In light of this context to the start of the year, it is encouraging that there is new momentum around issues of critical importance to small business – that of cash flow and late payments.   

As it happens, the toughest month for small business also occurs at this time of the year, in February. That’s when cash flow, the lifeblood of small business, usually hits its weakest level. Money owed to small firms typically arrives late in the last days of summer while expenses can stack up, leaving business owners strapped for cash. 

There are a few reasons that challenges converge in February, but the data is clear. On average, over the past five years, just 47 percent of businesses were cash-flow positive in February, based on data from Xero Small Business Insights. That compares with a five-year average of 51 percent for the full year, and 56 percent for the December just passed.  

Summer slowdown

Late payments are one reason for the cash-flow challenges in February. In fact, we see this in the numbers from Small Business Insights. Last February, for example, the average 30-day invoice was paid almost six days late. That compares with just four days late on average for all of 2019. 

Adding to the pressure on February cash flow is the post-Christmas inventory cycle. Stock that was exhausted over the busy holiday period must be usually replenished in January and February. This extra expense can help deplete a business’s cash balance. 

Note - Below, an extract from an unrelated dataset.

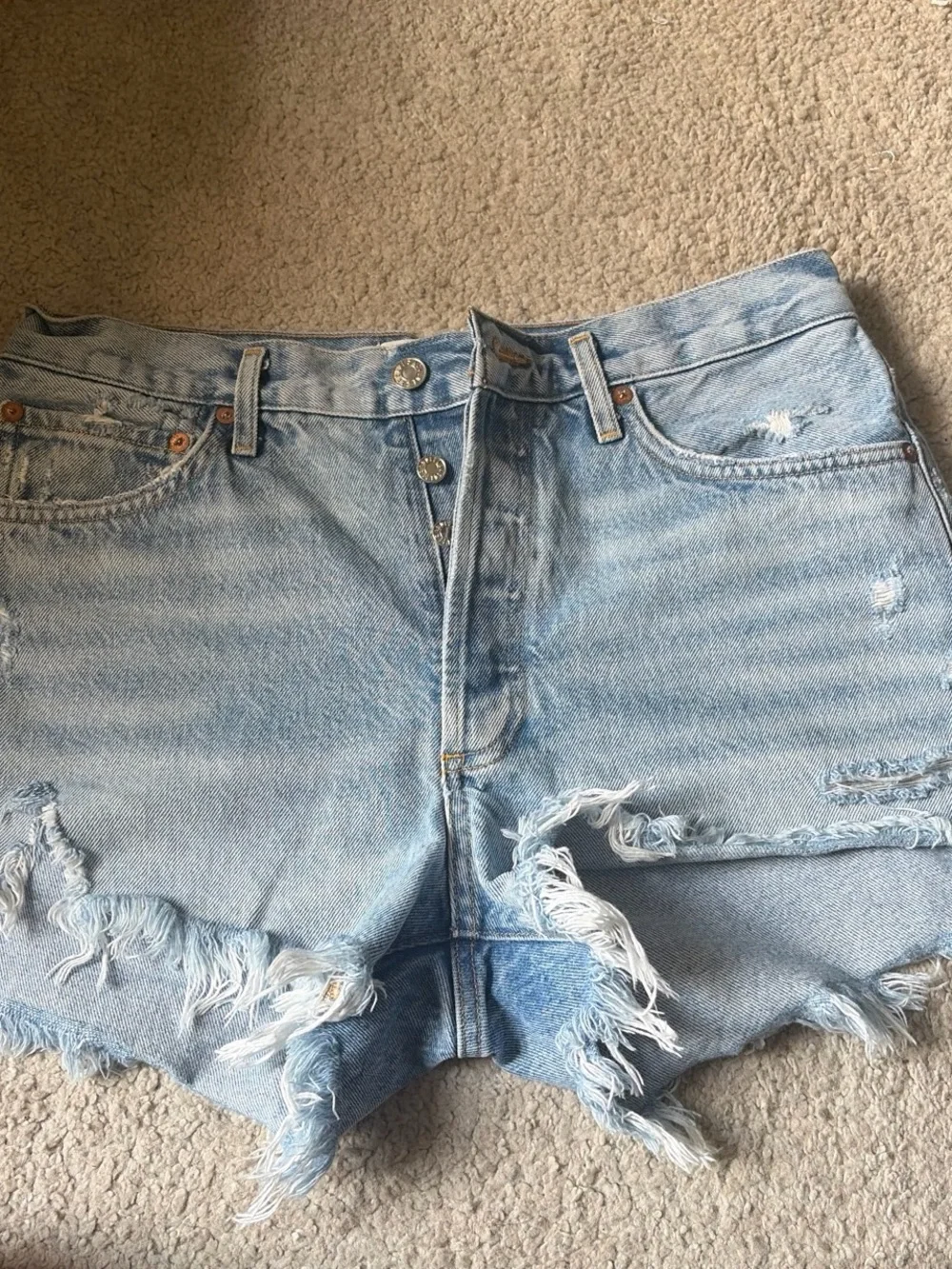 Agolde Light Wash Distressed Denim Cutoff Shorts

So what can businesses do to improve cash flow in February and throughout the year? There’s one solution that all Australian businesses will soon be able to take advantage of. The federal government has recently agreed on an e-invoicing standard and pledged to pay small businesses e-invoices within five days. 


With the government’s encouragement, big businesses may also adopt e-invoicing and offer faster payment to their small business suppliers. E-invoicing reduces billing errors and administrative handling, which can speed up payment times and help small-business cash flow. 

For further tips on getting paid faster, be sure to also see the Xero Small Business Insights special report “Paying the price: The economic impact of big businesses paying Australian small businesses late.” It offers three concrete steps that businesses can take to improve cash flow now. 

While February is a challenging time, there is good news to report. In every month of 2019, we saw late payment figures post their best numbers ever for that month in Xero Small Business Insights data. December 2019 was especially noteworthy: 

Invoices with 30-day terms were paid just two days late on average – the lowest figure in five years of Xero SBI data. 

This trend bodes well for 2020, and again the federal government deserves some credit. In July, Canberra pledged to pay all small business invoices within 20 days. And through a new procurement policy being developed, the government will require large businesses tendering for government contracts to match its 20-day payment policy.

Lawmakers are also developing a payment-times reporting framework that will pressure large businesses to do better. Businesses with an annual turnover of over $100 million will have to publish information about how they pay small businesses. Small firms can then make more informed decisions about their potential customers, and large businesses will face public scrutiny about their payment practices.

In the months ahead, we hope that combination of e-invoicing, federal procurement policies and small-business technology tools will start to give small businesses a much needed boost.  Small businesses generate about a third of GDP and employ almost half of all workers. If we can help them thrive, the benefit should accrue to all Australians.